周産期の光と陰が混在している岐阜。本来は光の部分の輝きがなくならないような努力が必要なんですが、もっぱらの関心は陰の部分に集まります。どうすればいいのか。これは簡単なことではないんです。飛騨地区や東濃地区は、地理的な問題も抱えていますが、基本的には岐阜県の深刻な産科医不足を解決することしかありません。
下呂温泉病院が医師不足で大変だったとき、長良医療センターから週1回応援を出したことがあります。これがどこまで役にたったのか、という疑問の声もあったんですが、私は大いに意味のあることだったと思ってます。下呂病院にどういう人材がいるのか、そして下呂のお産の実態を見ることができました。ではどうすればいいのか。下呂病院でより安全な出産が可能となるためにどうすればいいのかがはっきりとわかりました。下呂温泉病院の助産師はしっかりしてます。この助産師を有効に活用すれば医師の負担は軽減するんです。そのためには、ローリスクの中に埋もれているハイリスク症例のトリアージが重要だということを実感することができました。
東濃の恵那市には産婦人科医が1人もいませんでした。お産どころじゃないですよね。もちろん市民の皆さんは分娩再開を切望してます。下呂市も同じなんですが、若い人たちが流出して高齢化が進み、人口減少に悩んでるんです。分娩再開ができればこの問題も解決するのでは、これが市長をはじめとする行政の皆さんの思いでした。でも産科医はそもそも足りていないんです。
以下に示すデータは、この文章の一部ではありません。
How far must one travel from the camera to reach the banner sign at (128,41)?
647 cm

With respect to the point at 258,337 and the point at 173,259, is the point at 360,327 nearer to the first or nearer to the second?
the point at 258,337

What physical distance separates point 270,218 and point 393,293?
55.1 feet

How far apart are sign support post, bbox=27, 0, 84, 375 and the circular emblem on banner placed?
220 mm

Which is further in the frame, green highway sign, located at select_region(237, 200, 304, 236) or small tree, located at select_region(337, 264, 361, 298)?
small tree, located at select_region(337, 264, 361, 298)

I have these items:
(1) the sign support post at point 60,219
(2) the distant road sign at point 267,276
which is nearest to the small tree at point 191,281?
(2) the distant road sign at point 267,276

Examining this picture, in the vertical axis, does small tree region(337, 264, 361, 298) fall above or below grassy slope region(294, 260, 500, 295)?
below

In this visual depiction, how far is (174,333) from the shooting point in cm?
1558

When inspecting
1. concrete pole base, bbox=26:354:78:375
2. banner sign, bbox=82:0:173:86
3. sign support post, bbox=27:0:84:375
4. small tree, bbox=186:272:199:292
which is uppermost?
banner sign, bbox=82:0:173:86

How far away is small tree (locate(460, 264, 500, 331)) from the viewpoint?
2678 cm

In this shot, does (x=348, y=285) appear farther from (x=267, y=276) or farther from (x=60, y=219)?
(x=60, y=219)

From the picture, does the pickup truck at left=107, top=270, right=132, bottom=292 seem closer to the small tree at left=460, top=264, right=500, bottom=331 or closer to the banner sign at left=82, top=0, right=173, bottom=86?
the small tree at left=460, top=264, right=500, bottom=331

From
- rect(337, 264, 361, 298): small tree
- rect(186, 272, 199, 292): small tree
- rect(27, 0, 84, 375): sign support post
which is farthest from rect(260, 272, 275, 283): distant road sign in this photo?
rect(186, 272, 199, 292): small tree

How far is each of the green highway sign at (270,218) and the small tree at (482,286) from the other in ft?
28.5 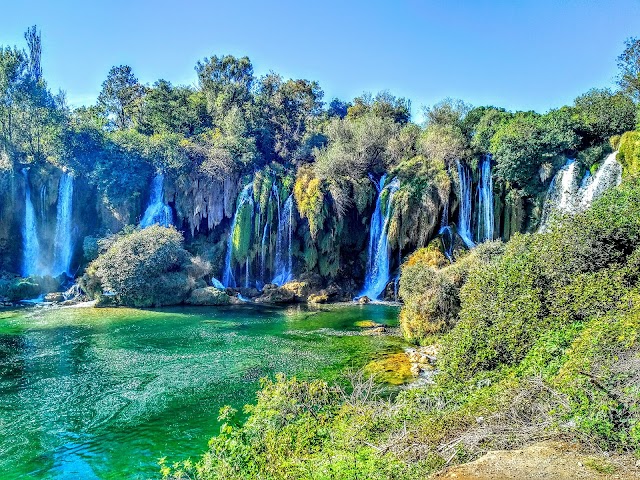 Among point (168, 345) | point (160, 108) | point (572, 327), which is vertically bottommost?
point (168, 345)

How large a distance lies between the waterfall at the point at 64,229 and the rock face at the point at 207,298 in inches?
488

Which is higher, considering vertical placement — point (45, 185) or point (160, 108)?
point (160, 108)

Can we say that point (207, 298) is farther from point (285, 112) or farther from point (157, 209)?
point (285, 112)

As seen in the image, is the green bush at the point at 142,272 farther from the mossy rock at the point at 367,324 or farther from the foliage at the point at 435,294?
the foliage at the point at 435,294

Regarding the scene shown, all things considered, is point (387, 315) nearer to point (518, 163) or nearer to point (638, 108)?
point (518, 163)

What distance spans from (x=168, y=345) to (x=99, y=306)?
12.3m

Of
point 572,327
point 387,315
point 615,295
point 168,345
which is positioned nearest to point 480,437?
point 572,327

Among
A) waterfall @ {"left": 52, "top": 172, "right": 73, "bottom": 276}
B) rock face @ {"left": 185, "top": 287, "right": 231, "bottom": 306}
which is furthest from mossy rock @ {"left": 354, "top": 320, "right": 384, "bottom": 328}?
waterfall @ {"left": 52, "top": 172, "right": 73, "bottom": 276}

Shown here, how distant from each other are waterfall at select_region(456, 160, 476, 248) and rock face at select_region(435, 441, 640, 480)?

そんなに簡単に産科医がやってくるとは考えられないですし、産まれた子どもを育てやすい環境が整わなければ、人口減少は続くでしょうね。
長良医療センターには「ママいちいちきゅう」という産後ケアを行う助産師外来があります。診療開始当初から続けてるんですが、今では受診数がなんと年間1000件をこえてるんです。これだけのニーズがあるんですから、たとえお産ができなくても助産師が中心になって、母乳栄養を進めたりしながら産後ケアを行うことができれば、恵那市や周辺のお母さん達にはきっと喜んでもらえると考えました。ところが恵那病院には助産師が1人もいなかったんです。そこで、とにかく助産師を1人獲得してほしいとお願いして、産後ケア助産師外来をスタートさせました。
恵那病院の産後ケアは大いに反響がありました。特にこの地域で埋もれている助産師さん達の注目が集まりました。1年後には恵那病院の助産師は4人になり、その後7人まで増えていきました。都市部では核家族化が進み、育児に悩む若いお母さんが増えてることが指摘されてるんですが、おばあちゃんが身近にいることが多い地域でも、育児に悩んでいるお母さんがいることがはっきりしたんです。
産科医が急に増えることは難しいのが現状です。だとすれば、出産にかかわる助産師に元気になってもらって、いっしょに周産期医療を支えていかなければならないんです。
本来出産は助産師だけでも取り扱えるんです。そこに産科医が加わることで、より安全な出産が可能となります。恵那市の分娩再開に向けていい形ができてくれました。
もしも私が大都市に働きかけたら、このアイデアは実現可能だったんでしょうか。地方の小さな自治体だからこそ、実現できたんじゃないでしょうか。地方だからこそできる活動なんです。大きな自治体になればなるほど、こうしたアイデアの実現には障害がたくさん出てくるんです。地方の小さな自治体と一体となって活動すれば、やがてその動きは国全体にまで広げることができるんです。地方から情報発信、今まさにそういう時代なんです。